Document streams in more detail. (#773)

This is meant to help with questions like in #644.
jtv · Dec 27, 2023 · 0b9c8dd · 0b9c8dd
1 parent 92bdf08
commit 0b9c8dd
Show file tree

Hide file tree

Showing 2 changed files with 111 additions and 43 deletions.
diff --git a/include/pqxx/doc/streams.md b/include/pqxx/doc/streams.md
@@ -3,20 +3,23 @@ Streams                                                           {#streams}
 
 Most of the time it's fine to retrieve data from the database using `SELECT`
 queries, and store data using `INSERT`.  But for those cases where efficiency
-matters, there are two classes to help you do this better: `stream_from` and
-`stream_to`.  They're less flexible than SQL queries, and there's the risk of
-losing your connection while you're in mid-stream, but you get some speed and
+matters, there are two _data streaming_ mechanisms to help you do this more
+efficiently: "streaming queries," for reading query results from the
+database; and the @ref pqxx::stream_to class, for writing data from the client
+into a table.
+
+These are less flexible than SQL queries.  Also, depending on your needs, it
+may be a problem to lose your connection while you're in mid-stream, not
+knowing that the query may not complete.  But, you get some scalability and
 memory efficiencies in return.
 
-Both stream classes do data conversion for you: `stream_from` receives values
-from the database in PostgreSQL's text format, and converts them to the C++
-types you specify.  Likewise, `stream_to` converts C++ values you provide to
-PostgreSQL's text format for transfer.  (On its end, the database of course
-converts values to and from their SQL types.)

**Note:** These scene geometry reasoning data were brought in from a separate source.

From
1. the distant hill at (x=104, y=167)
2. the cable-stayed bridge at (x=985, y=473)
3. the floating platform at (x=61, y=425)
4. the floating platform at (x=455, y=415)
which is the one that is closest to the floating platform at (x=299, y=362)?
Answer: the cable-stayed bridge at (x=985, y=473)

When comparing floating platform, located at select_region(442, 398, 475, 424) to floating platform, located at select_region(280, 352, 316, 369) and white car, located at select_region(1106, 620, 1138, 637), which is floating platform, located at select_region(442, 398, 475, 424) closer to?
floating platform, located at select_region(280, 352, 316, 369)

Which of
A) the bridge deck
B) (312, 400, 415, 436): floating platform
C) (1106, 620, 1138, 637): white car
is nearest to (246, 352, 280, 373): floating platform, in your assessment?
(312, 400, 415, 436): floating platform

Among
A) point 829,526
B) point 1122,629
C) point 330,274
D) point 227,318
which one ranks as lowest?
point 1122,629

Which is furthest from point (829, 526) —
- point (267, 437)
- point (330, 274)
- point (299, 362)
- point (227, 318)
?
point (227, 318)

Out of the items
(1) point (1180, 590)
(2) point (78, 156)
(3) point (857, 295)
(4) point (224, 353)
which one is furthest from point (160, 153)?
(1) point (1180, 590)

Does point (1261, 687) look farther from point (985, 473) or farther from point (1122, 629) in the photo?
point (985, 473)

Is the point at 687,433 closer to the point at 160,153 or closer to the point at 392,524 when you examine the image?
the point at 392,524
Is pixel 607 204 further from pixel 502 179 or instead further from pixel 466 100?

+Just like regular querying, these streaming mechanisms do data conversion for
+you.  You deal with the C++ data types, and the database deals with the SQL
+data types.
 
 
-Null values
------------
+Interlude: null values
+----------------------
 
 So how do you deal with nulls?  It depends on the C++ type you're using.  Some
 types may have a built-in null value.  For instance, if you have a
@@ -41,48 +44,111 @@ wrappers and smart pointers by copying the implementation patterns from the
 existing smart-pointer support.
 
 
-stream\_from
-------------
+Streaming data _from a query_
+-----------------------------
 
-Use `stream_from` to read data directly from the database.  It's faster than
-the transaction's `exec` functions if the result contains enough rows.  But
-also, you won't need to keep your full result set in memory.  That can really
+Use @ref transaction_base::stream to read large amounts of data directly from
+the database.  In terms of API it works just like @ref transaction_base::query,
+but it's faster than the `exec` and `query` functions For larger data sets.

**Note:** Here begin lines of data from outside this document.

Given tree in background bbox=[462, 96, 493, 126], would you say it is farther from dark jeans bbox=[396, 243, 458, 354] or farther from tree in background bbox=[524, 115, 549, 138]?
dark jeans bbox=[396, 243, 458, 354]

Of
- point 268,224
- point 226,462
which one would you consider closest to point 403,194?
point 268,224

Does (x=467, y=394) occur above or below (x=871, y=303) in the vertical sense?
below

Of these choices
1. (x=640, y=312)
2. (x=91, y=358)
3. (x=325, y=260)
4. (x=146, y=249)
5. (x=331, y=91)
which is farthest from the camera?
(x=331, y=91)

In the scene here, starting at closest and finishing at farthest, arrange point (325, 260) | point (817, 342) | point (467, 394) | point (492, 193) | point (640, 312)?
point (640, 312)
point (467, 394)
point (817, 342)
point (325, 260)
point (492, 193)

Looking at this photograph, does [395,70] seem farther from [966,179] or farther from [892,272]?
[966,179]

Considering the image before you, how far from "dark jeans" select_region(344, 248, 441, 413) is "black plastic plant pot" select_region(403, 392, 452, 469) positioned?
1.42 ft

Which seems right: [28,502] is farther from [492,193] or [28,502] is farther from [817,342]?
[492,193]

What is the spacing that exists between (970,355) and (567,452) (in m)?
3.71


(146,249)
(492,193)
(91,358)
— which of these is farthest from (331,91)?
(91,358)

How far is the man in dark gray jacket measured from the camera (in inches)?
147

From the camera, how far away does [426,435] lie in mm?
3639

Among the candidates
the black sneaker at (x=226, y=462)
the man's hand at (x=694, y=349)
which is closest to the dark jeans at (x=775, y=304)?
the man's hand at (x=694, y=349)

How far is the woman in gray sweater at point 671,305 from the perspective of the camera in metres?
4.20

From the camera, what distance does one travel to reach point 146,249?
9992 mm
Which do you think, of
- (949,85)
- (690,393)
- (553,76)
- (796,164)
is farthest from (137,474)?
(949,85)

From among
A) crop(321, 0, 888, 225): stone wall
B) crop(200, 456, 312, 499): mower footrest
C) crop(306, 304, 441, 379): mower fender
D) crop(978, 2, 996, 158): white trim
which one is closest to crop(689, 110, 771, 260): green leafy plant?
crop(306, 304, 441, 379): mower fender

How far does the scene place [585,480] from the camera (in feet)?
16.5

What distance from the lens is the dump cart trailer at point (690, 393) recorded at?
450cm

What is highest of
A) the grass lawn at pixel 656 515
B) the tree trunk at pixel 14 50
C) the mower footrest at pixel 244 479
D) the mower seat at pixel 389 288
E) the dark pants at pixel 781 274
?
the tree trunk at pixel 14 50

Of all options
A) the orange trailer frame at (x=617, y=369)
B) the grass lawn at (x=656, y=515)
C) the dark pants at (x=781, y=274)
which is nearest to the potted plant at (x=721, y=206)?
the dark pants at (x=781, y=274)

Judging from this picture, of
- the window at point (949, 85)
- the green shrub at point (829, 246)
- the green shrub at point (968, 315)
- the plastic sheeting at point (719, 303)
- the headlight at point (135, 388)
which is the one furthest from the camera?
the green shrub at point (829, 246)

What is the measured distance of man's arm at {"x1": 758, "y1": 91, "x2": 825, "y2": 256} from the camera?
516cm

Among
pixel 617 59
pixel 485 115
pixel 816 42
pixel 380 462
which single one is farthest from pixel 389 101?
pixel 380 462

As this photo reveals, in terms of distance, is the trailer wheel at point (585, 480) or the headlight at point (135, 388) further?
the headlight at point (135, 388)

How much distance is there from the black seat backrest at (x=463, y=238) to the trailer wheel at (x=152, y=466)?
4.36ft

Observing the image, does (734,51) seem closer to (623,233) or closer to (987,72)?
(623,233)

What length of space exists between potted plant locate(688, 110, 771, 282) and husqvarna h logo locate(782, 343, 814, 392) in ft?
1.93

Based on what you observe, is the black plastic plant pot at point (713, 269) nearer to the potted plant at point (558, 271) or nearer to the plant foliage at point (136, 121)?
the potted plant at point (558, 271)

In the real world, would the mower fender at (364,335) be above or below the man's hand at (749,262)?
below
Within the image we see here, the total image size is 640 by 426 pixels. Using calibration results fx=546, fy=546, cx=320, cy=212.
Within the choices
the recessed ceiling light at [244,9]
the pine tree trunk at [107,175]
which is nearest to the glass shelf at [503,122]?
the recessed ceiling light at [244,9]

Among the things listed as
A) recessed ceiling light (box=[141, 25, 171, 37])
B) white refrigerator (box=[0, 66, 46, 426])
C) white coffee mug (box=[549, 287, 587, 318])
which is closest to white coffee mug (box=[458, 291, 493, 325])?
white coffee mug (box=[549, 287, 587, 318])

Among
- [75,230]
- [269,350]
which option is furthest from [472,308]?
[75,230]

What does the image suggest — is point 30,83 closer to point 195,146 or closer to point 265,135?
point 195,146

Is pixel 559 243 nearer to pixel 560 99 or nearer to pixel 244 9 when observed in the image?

+Also, you won't need to keep your full result set in memory.  That can really
 matter with larger data sets.
 
-And, you can start processing your data right after the first row of data comes
-in from the server.  With `exec()` you need to wait to receive all data, and
-then you begin processing.  With `stream_from` you can be processing data on
-the client side while the server is still sending you the rest.
-
-You don't actually need to create a `stream_from` object yourself, though you
-can if you want to.  Two shorthand functions,
-@ref pqxx::transaction_base::stream and @ref pqxx::transaction_base::for_stream,
-can each create the streams for you with a minimum of overhead.

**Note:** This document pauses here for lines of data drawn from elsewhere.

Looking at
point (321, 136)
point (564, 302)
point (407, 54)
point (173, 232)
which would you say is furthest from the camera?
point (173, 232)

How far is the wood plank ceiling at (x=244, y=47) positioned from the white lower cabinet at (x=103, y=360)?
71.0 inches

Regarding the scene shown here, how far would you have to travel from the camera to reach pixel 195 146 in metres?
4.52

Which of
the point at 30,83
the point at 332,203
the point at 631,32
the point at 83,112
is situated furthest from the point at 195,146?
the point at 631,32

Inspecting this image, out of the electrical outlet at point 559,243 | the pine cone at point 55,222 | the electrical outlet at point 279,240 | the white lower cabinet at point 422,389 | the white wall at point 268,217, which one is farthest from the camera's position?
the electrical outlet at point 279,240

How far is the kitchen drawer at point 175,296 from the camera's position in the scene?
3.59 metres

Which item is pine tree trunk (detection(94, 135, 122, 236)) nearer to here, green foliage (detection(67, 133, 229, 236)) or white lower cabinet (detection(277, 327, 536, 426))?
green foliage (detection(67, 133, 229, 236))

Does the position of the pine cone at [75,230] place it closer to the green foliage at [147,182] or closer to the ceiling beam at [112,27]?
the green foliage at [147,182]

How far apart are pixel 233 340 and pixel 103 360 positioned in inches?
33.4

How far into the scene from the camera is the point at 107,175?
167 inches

+Another performance advantage is that with a streaming query, you can start
+processing your data right after the first row of data comes in from the
+server.  With `exec()` or `query()` you need to wait to receive all data, and
+only then can you begin processing.  With streaming queries you can be
+processing data on the client side while the server is still sending you the
+rest.
 
 Not all kinds of queries will work in a stream.  Internally the streams make
 use of PostgreSQL's `COPY` command, so see the PostgreSQL documentation for
 `COPY` for the exact limitations.  Basic `SELECT` and `UPDATE ... RETURNING`
-queries should just work.
+queries will just work, but fancier constructs may not.
 
 As you read a row, the stream converts its fields to a tuple type containing
 the value types you ask for:
 
 ```cxx
-    auto stream pqxx::stream_from::query(
-        tx, "SELECT name, points FROM score");
-    std::tuple<std::string, int> row;
-    while (stream >> row)
-      process(row);
-    stream.complete();
+    for (auto [name, score] :
+        tx.stream<std::string_view, int>("SELECT name, points FROM score")
+    )
+        process(name, score);
 ```
 
-As the stream reads each row, it converts that row's data into your tuple,
-goes through your loop body, and then promptly forgets that row's data.  This
-means you can easily process more data than will fit in memory.
+On each iteration, the stream gives you a `std::tuple` of the column types you
+specify.  It converts the row's fields (which internally arrive at the client in text format) to your chosen types.
+
+The `auto [name, score]` in the example is a _structured binding_ which unpacks
+the tuple's fields into separate variables.  If you prefer, you can choose to
+receive the tuple instead: `for (std::tuple<int, std::string_view> :`.
+
+
+### Is streaming right for my query?
+
+Here are the things you need to be aware of when deciding whether to stream a
+query, or just execute it normally.
+
+First, when you stream a query, there is no metadata describing how many rows
+it returned, what the columns are called, and so on.  With a regular query you
+get a @ref result object which contains this metadata as well as the data
+itself.  If you absolutely need this metadata for a particular query, then
+that means you can't stream the query.
+
+Second, under the bonnet, streaming from a query uses a PostgreSQL-specific SQL
+command `COPY (...) TO STDOUT`.  There are some limitations on what kinds of
+queries this command can handle.  These limitations may change over time, so I
+won't describe them here.  Instead, see PostgreSQL's
+[COPY documentation](https://www.postgresql.org/docs/current/sql-copy.html)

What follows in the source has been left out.